The days of companies using “smoke and mirrors” techniques to railroad consumers into handing over their online browsing data could be numbered, with three out of four people now wanting firms to only use consented data for advertising and targeting purposes, not data collected behind the scenes.
That is according to a new Realtime Research survey commissioned by Invisibly, which quizzed 2,240 Brits and found consumers only want firms to use data that they supply themselves and that they have full control over.
It also revealed widespread knowledge of how the online ad industry works, with over eight in ten (84%) respondents insisting that they know exactly what browsing cookies are. The number of people who do not know increased with the age of respondents, and also, men were 23% more aware than women.
When asked directly whether people agree with companies tracking them for marketing purposes, 70% of respondents did not agree, whereas only 17% did, and 13% did not care either way. Men (27%) were more agreeable to online targeting than women (7%).
In fact, just under half (44%) of those surveyed said they use an ad blocker to prevent companies from targeting them; only 6% of people said they do not use an ad blocker because they like ads targeting them.
The report states: “It was surprising how many women did not like targeted ads, given that statistically speaking, more ads target female shoppers than male shoppers.
“This should serve to caution online advertisers of a few things: how they collect their data, how accurate it is, and how frequently it’s being used.
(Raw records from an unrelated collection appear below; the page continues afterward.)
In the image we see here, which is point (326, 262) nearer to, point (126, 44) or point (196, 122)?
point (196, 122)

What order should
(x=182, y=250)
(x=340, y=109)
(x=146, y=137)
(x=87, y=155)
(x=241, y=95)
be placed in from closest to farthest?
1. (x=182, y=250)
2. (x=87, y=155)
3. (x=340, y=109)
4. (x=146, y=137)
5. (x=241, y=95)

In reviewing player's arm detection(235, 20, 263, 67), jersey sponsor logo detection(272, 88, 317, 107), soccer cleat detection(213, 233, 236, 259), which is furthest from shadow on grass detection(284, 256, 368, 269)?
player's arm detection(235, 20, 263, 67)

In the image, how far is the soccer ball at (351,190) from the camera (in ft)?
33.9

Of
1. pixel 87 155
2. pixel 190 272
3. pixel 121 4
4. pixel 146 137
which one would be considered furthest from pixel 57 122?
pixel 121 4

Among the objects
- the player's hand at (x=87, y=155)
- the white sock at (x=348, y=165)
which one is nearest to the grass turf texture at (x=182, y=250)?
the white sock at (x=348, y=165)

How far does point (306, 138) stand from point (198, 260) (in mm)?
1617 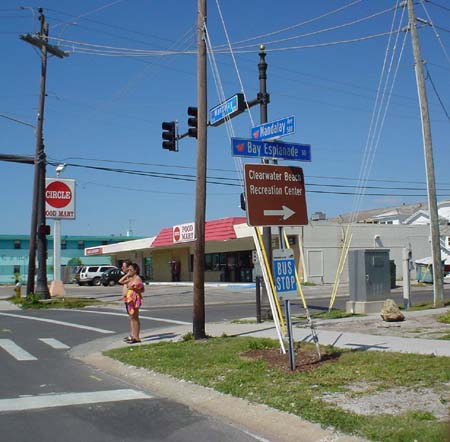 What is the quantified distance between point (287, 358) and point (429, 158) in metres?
11.6

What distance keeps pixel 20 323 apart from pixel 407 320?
36.8 ft

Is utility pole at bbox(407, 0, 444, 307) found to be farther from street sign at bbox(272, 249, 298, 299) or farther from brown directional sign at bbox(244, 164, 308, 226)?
street sign at bbox(272, 249, 298, 299)

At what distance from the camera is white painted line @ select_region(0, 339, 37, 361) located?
11.2 m

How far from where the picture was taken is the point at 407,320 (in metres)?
14.3

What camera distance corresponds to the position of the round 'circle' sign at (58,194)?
34.4m

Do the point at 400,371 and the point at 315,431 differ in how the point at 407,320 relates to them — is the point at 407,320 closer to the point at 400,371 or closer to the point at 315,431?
the point at 400,371

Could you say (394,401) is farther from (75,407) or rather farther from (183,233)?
(183,233)

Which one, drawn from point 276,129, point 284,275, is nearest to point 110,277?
point 276,129

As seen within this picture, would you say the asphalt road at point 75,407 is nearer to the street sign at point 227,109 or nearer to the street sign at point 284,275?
the street sign at point 284,275

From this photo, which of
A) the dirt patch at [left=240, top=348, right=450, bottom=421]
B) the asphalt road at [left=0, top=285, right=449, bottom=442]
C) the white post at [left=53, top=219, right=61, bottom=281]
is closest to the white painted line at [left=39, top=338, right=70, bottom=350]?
the asphalt road at [left=0, top=285, right=449, bottom=442]

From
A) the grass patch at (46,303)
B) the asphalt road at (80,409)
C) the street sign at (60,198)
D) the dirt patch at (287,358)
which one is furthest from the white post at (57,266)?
the dirt patch at (287,358)

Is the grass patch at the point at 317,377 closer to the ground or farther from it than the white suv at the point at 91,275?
closer to the ground

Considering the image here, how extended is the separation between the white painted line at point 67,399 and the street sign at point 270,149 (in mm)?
3857

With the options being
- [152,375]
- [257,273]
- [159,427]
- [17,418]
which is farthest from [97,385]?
[257,273] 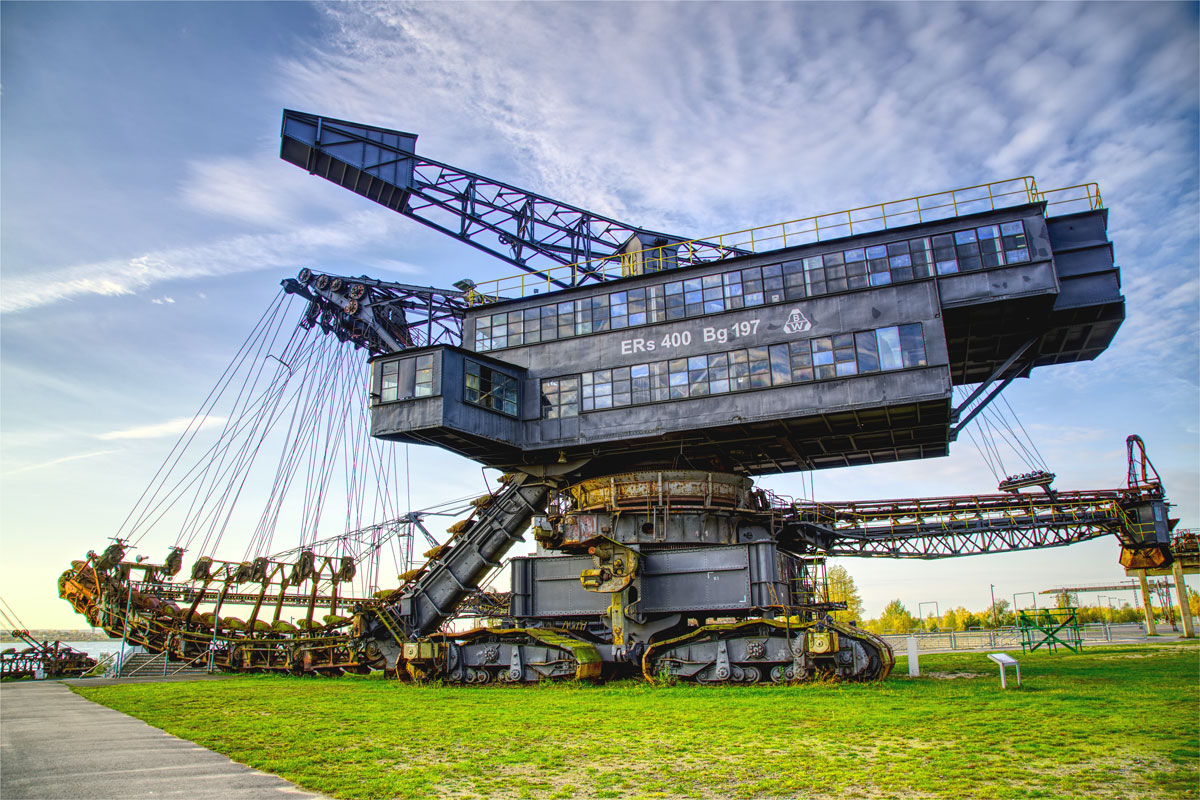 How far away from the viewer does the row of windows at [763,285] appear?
75.2ft

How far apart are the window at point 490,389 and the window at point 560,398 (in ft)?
3.79

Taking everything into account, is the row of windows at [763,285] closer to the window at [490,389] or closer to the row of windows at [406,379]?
the window at [490,389]

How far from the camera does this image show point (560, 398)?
27062mm

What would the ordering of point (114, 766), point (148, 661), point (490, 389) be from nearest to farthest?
point (114, 766)
point (490, 389)
point (148, 661)

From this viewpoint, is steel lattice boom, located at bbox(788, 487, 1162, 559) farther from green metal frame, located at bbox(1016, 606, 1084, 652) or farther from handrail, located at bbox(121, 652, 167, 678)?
handrail, located at bbox(121, 652, 167, 678)

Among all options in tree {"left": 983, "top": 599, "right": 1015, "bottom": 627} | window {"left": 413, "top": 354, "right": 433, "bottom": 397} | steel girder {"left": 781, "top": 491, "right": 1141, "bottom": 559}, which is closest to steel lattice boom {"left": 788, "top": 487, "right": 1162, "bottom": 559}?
steel girder {"left": 781, "top": 491, "right": 1141, "bottom": 559}

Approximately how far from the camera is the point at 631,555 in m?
23.2

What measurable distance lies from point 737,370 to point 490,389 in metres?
8.75

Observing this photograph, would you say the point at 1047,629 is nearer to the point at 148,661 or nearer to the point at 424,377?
the point at 424,377

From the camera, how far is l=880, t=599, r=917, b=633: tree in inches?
3167

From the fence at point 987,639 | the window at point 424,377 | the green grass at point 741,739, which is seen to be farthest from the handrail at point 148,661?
the fence at point 987,639

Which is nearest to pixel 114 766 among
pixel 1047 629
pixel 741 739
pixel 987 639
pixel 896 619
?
pixel 741 739

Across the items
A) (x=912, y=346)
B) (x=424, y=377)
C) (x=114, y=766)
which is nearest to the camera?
(x=114, y=766)

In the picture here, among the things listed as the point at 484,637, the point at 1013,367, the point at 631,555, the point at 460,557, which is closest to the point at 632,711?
the point at 631,555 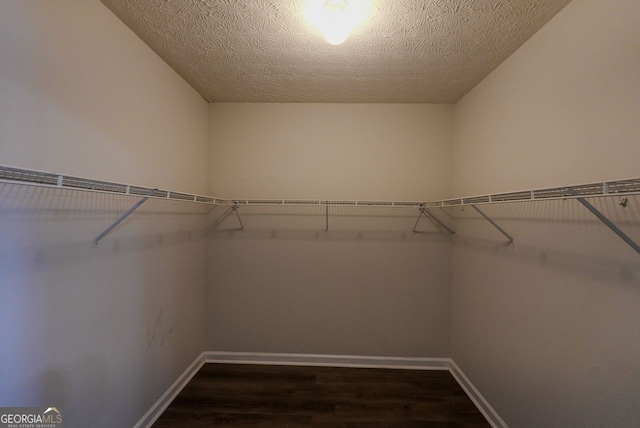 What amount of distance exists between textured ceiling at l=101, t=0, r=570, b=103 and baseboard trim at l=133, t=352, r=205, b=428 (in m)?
2.45

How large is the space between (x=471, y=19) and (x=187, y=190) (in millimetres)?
2256

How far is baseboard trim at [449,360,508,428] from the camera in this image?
1666mm

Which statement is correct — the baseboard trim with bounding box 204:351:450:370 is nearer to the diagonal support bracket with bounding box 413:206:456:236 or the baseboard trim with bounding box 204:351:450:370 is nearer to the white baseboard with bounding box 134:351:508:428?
the white baseboard with bounding box 134:351:508:428

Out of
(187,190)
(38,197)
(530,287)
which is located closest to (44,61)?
(38,197)

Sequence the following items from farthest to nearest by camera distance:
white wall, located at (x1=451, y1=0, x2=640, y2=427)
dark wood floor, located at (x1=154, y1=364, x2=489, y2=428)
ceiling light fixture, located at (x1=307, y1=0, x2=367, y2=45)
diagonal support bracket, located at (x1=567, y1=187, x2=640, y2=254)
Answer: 1. dark wood floor, located at (x1=154, y1=364, x2=489, y2=428)
2. ceiling light fixture, located at (x1=307, y1=0, x2=367, y2=45)
3. white wall, located at (x1=451, y1=0, x2=640, y2=427)
4. diagonal support bracket, located at (x1=567, y1=187, x2=640, y2=254)

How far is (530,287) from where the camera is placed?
55.2 inches

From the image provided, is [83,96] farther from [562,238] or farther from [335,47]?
[562,238]

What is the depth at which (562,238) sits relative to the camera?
3.98 ft

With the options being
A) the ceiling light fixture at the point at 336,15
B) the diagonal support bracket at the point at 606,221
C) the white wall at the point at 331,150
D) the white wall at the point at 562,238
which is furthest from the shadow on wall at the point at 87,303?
the white wall at the point at 562,238

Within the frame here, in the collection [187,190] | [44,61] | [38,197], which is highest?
[44,61]

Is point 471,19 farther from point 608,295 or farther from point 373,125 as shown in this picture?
point 608,295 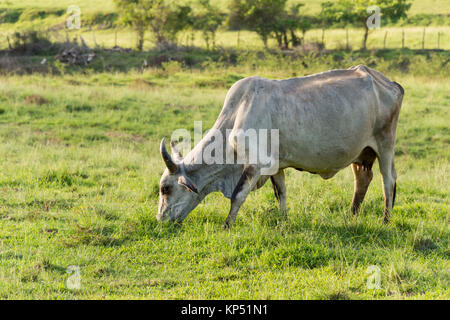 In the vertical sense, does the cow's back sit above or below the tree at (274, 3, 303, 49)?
above

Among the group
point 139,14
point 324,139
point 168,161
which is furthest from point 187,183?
point 139,14

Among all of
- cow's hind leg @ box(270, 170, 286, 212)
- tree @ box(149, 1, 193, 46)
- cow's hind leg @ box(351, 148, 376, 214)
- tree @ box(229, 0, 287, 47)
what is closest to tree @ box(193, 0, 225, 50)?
tree @ box(149, 1, 193, 46)

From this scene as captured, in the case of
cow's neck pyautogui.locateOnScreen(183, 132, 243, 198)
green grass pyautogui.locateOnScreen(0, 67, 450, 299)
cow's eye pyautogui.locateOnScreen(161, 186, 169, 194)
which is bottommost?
green grass pyautogui.locateOnScreen(0, 67, 450, 299)

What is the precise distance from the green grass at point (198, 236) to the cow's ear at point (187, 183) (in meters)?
0.46

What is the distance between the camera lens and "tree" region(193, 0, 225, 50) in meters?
37.1

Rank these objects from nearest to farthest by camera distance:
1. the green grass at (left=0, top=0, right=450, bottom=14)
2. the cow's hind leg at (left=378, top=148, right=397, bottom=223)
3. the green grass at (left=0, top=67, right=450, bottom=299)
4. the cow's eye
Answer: the green grass at (left=0, top=67, right=450, bottom=299) → the cow's eye → the cow's hind leg at (left=378, top=148, right=397, bottom=223) → the green grass at (left=0, top=0, right=450, bottom=14)

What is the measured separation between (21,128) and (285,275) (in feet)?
31.7

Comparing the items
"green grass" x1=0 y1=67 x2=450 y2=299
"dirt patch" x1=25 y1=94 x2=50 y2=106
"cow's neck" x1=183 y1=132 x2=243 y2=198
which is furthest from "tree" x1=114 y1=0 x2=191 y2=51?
"cow's neck" x1=183 y1=132 x2=243 y2=198

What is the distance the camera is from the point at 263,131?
626 centimetres

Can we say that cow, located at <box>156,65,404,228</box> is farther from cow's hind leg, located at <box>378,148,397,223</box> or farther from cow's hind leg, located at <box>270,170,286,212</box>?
→ cow's hind leg, located at <box>270,170,286,212</box>

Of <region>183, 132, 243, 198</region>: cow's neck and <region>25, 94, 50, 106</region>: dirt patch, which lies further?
<region>25, 94, 50, 106</region>: dirt patch

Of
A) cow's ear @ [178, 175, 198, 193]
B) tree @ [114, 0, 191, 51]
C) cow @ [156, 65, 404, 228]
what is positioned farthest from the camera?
tree @ [114, 0, 191, 51]

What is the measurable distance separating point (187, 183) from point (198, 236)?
62 centimetres

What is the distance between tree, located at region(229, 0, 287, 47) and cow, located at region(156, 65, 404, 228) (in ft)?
104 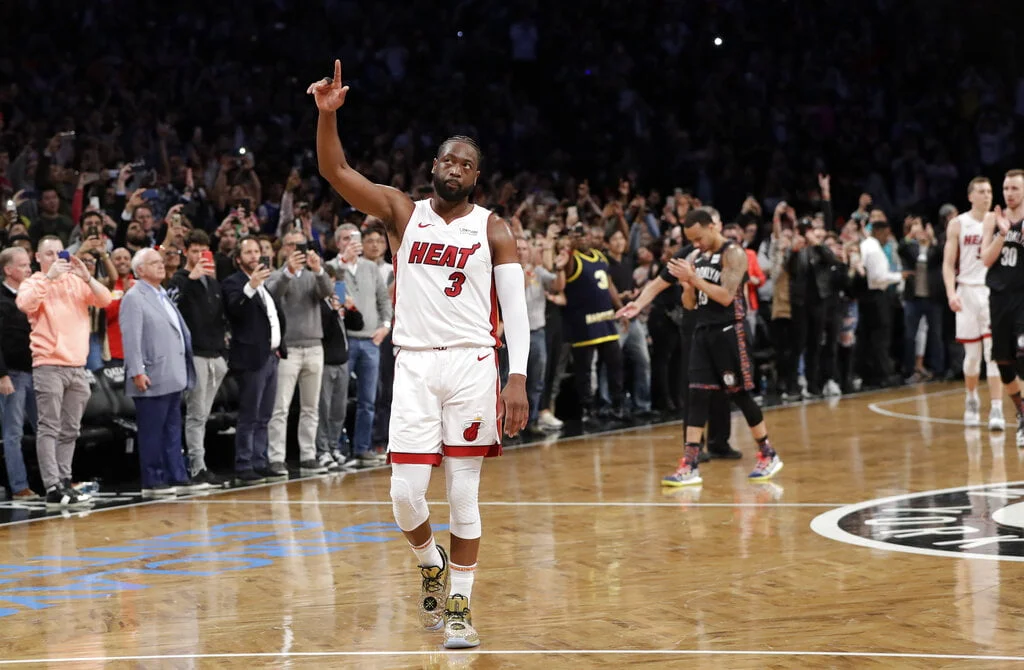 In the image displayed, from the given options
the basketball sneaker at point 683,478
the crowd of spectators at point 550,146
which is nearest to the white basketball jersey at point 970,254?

These survey results suggest people are growing wary of how online advertising works, and how often the data used is inaccurate, causing more and more people to want take back control of their data altogether.
“The results also provide a strong use case for growing the use of AI and machine learning for better understanding people’s real attitudes and behaviours, which could prove much more accurate, and relevant, in the advertising industry than collecting sensitive personal data that most people clearly don’t approve of.
“We’re eager to see how online advertising evolves in the coming years, given the vast changes in attitudes to consumer privacy and the evolution of better technology.”